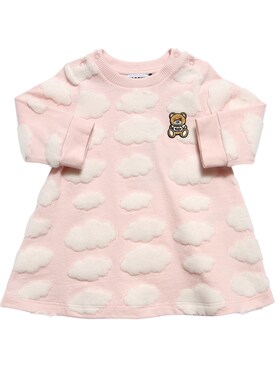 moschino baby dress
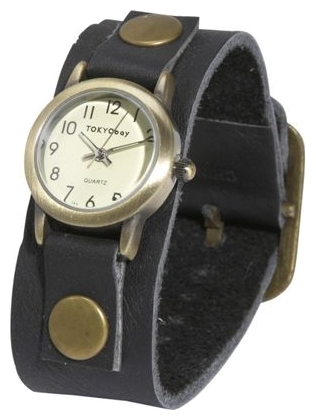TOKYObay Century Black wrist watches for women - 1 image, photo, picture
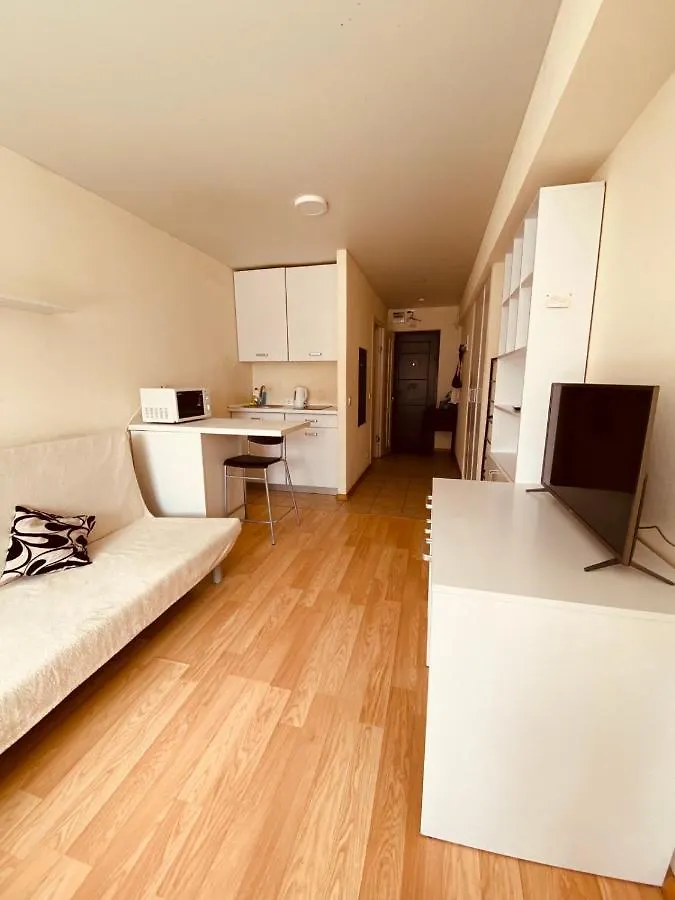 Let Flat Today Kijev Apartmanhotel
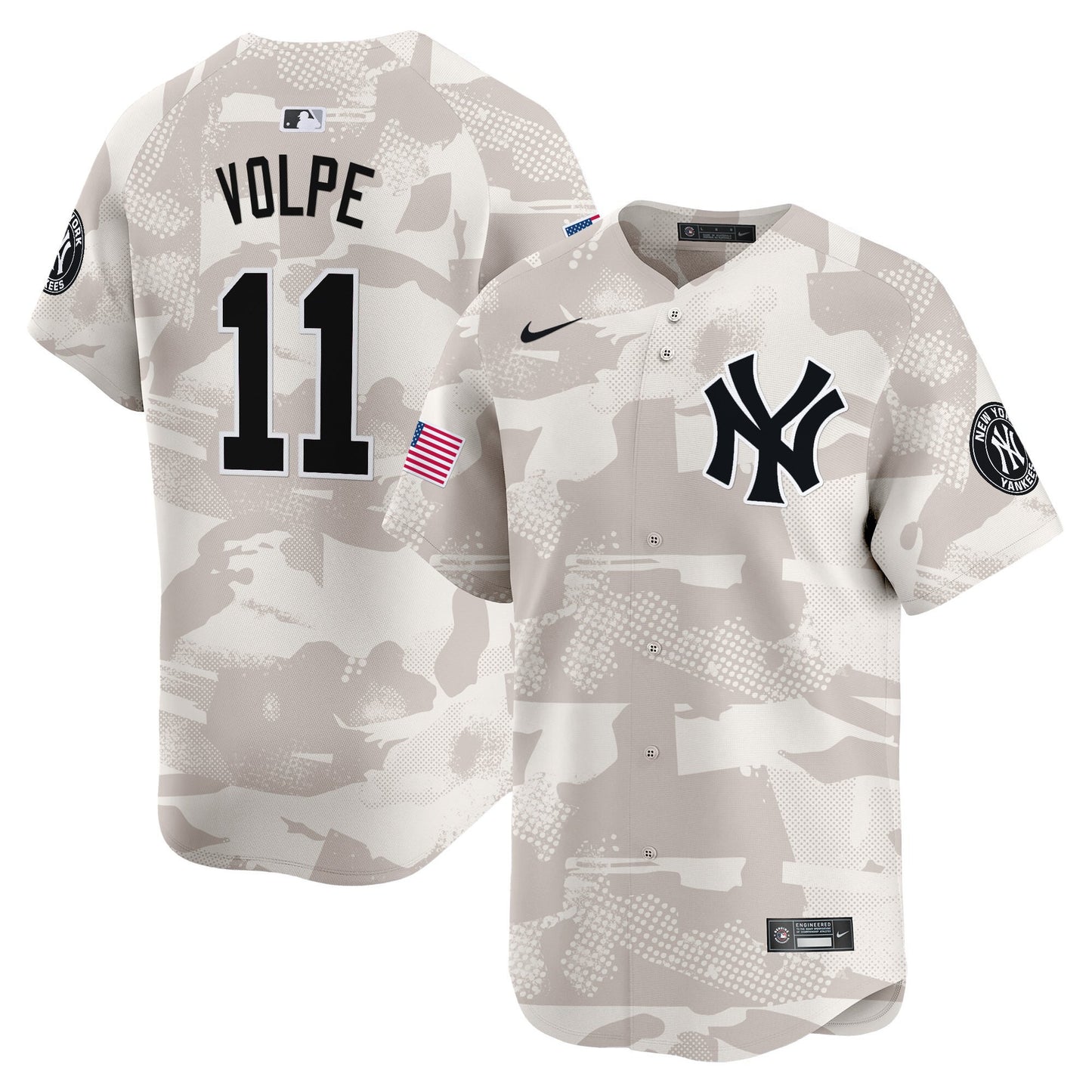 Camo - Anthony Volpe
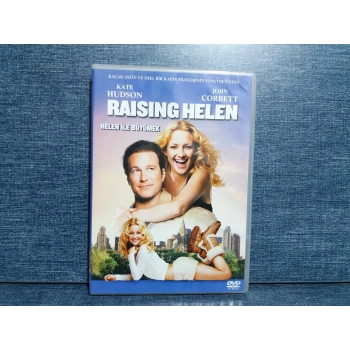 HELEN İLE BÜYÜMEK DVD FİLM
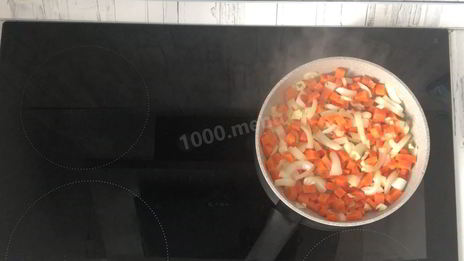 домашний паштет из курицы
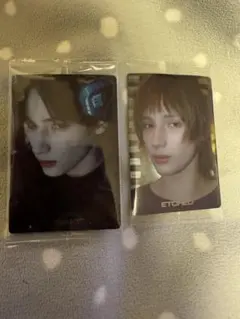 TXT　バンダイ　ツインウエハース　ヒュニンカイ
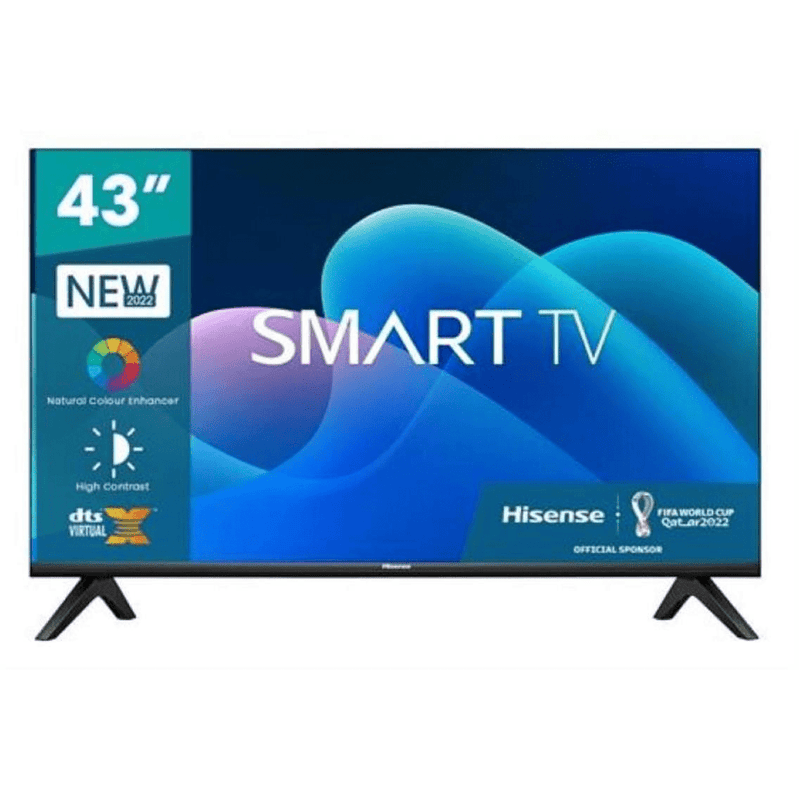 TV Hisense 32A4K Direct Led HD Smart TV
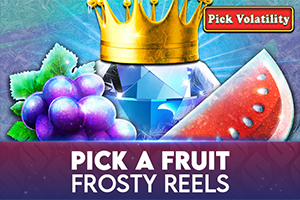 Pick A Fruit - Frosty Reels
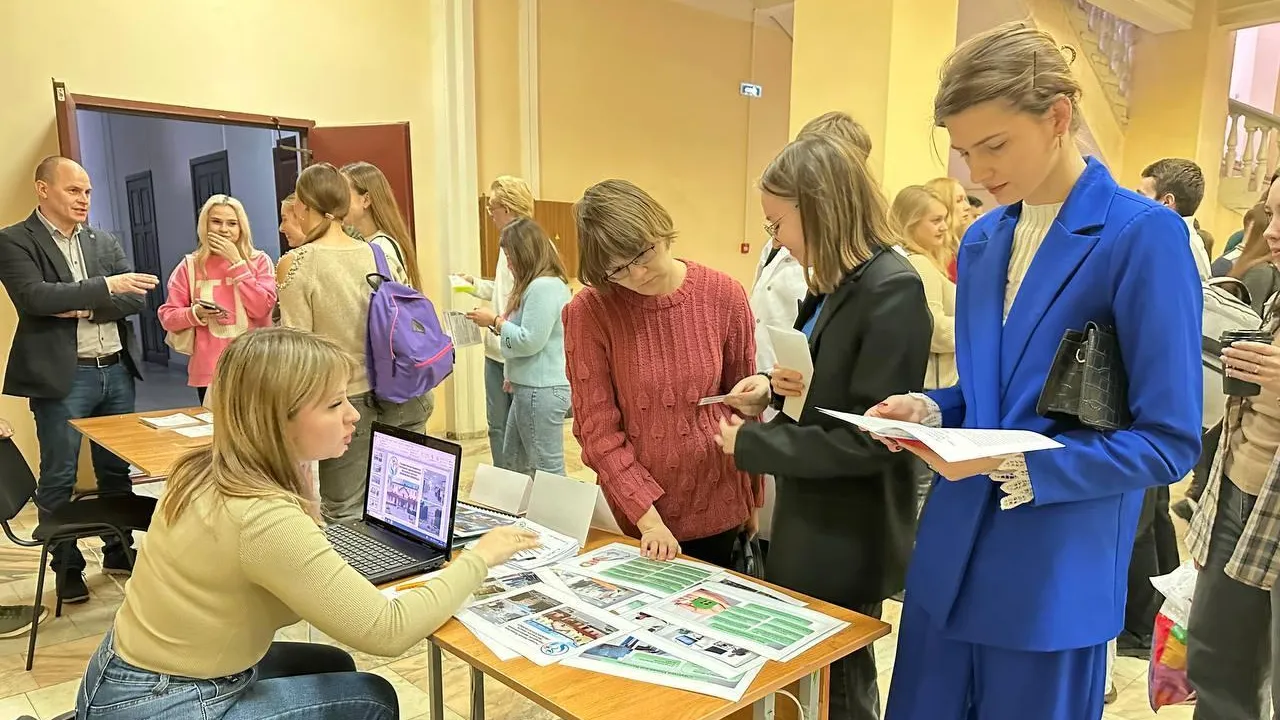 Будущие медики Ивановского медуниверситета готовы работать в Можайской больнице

**About this exercise:** Please copy the lines above exactly as written, apart from any pictures.

**Exercise result:**
 moschino baby dress
TOKYObay Century Black wrist watches for women - 1 image, photo, picture
 Let Flat Today Kijev Apartmanhotel
 Camo - Anthony Volpe
 HELEN İLE BÜYÜMEK DVD FİLM
 домашний паштет из курицы
 TXT　バンダイ　ツインウエハース　ヒュニンカイ
 TV Hisense 32A4K Direct Led HD Smart TV
 Pick A Fruit - Frosty Reels
 Будущие медики Ивановского медуниверситета готовы работать в Можайской больнице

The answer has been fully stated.